§ Task instructions:
Please output the data exactly, minus pictures.

§ Source data:
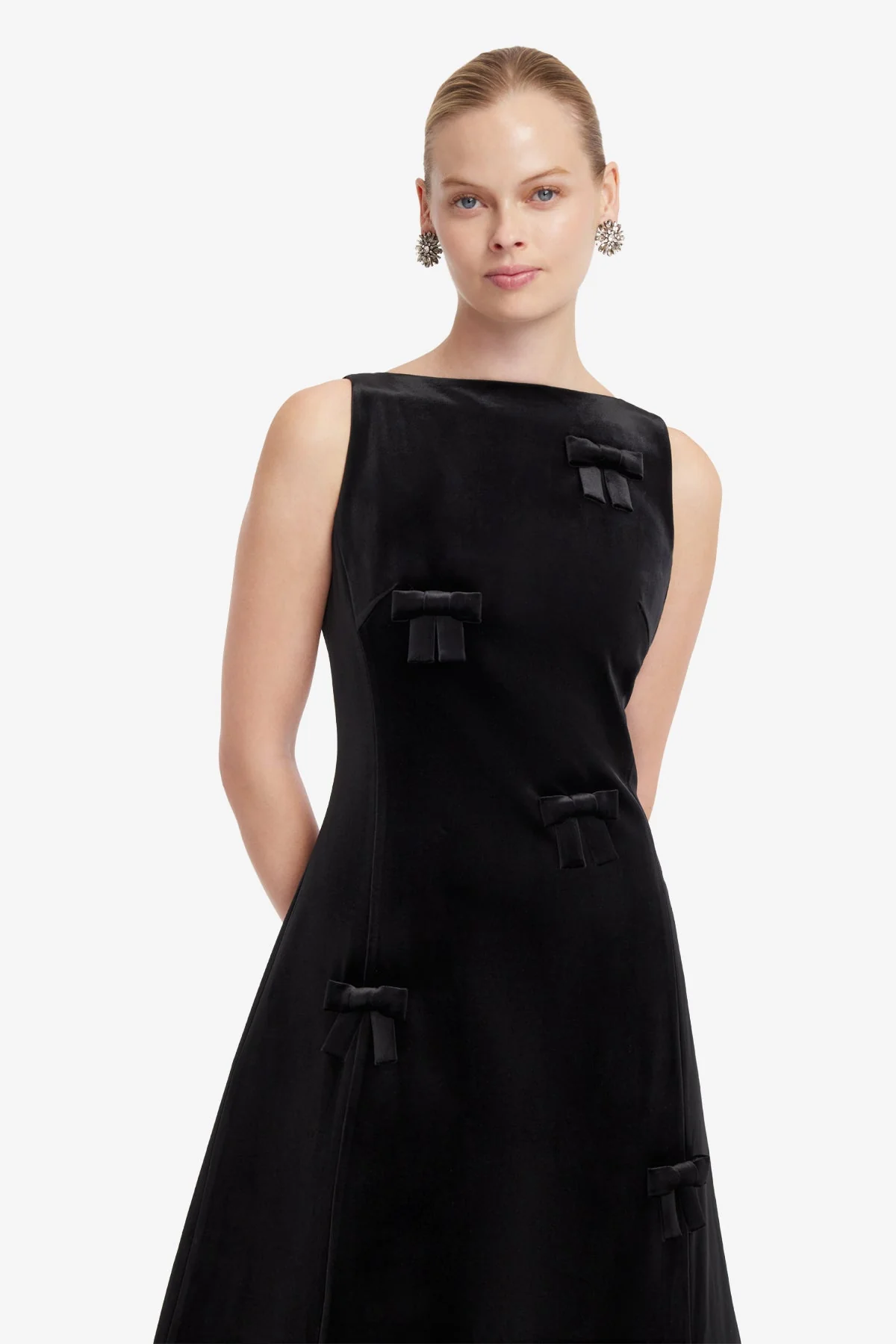Cleo Velvet Bow Sleeveless Midi Dress - Ebony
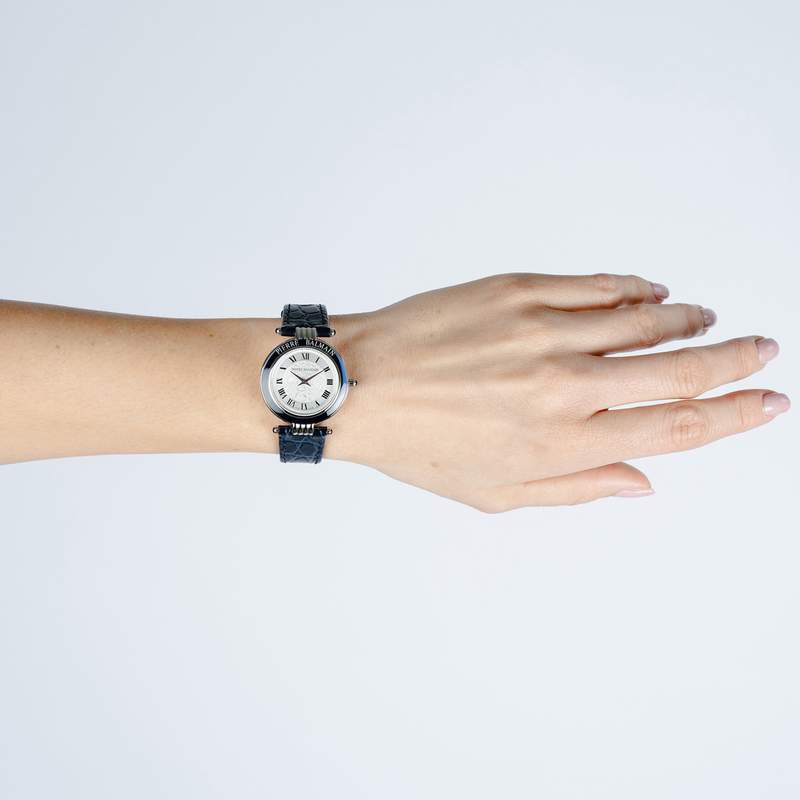 Montre BALMAIN tradition femme bracelet cuir bleu fonce - vue porté 3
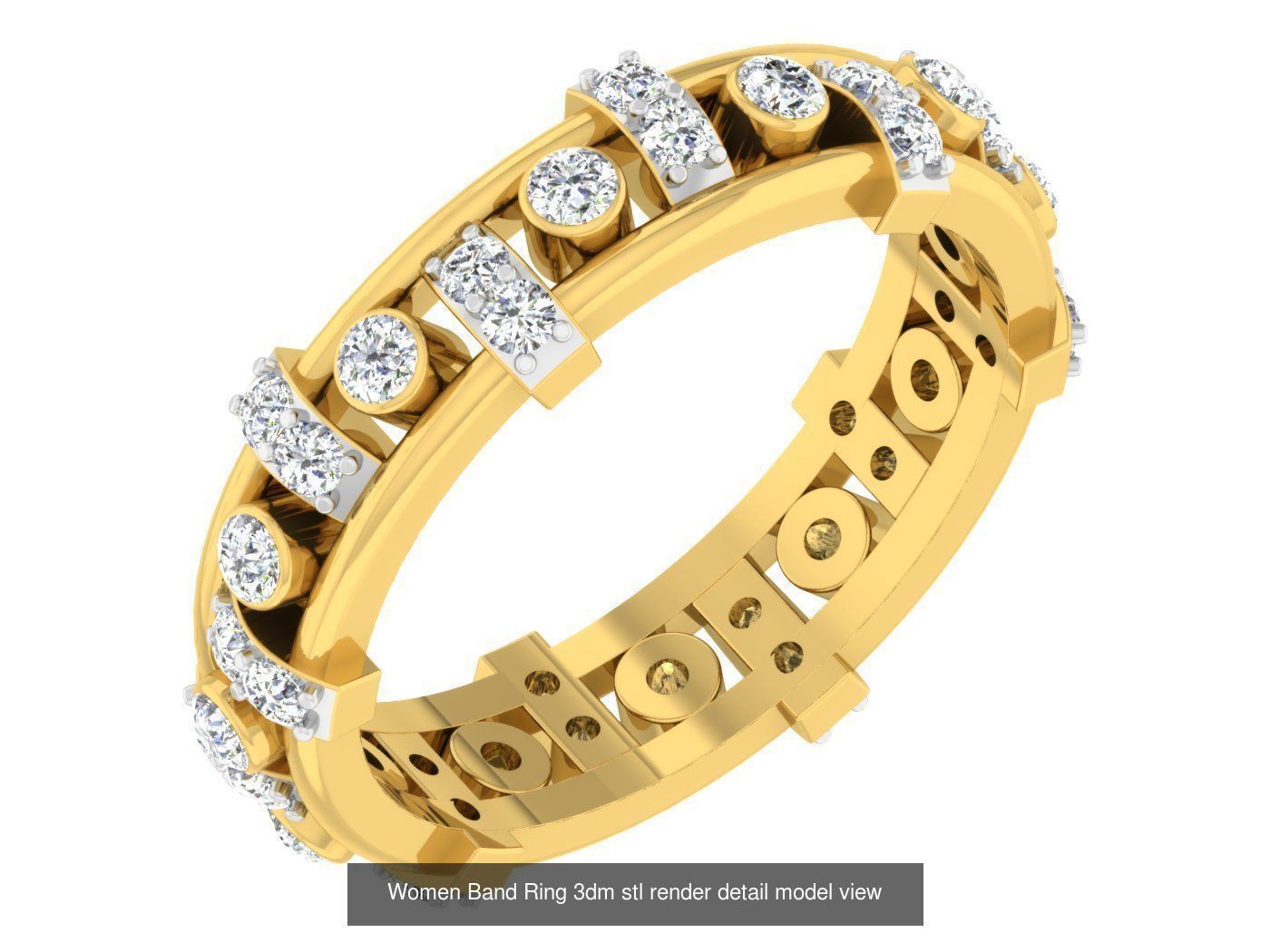 100 Women Band Ring 3dm stl render detail model view 3D Model Collection_69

§ Exercise solution:
Cleo Velvet Bow Sleeveless Midi Dress - Ebony
 Montre BALMAIN tradition femme bracelet cuir bleu fonce - vue porté 3
 100 Women Band Ring 3dm stl render detail model view 3D Model Collection_69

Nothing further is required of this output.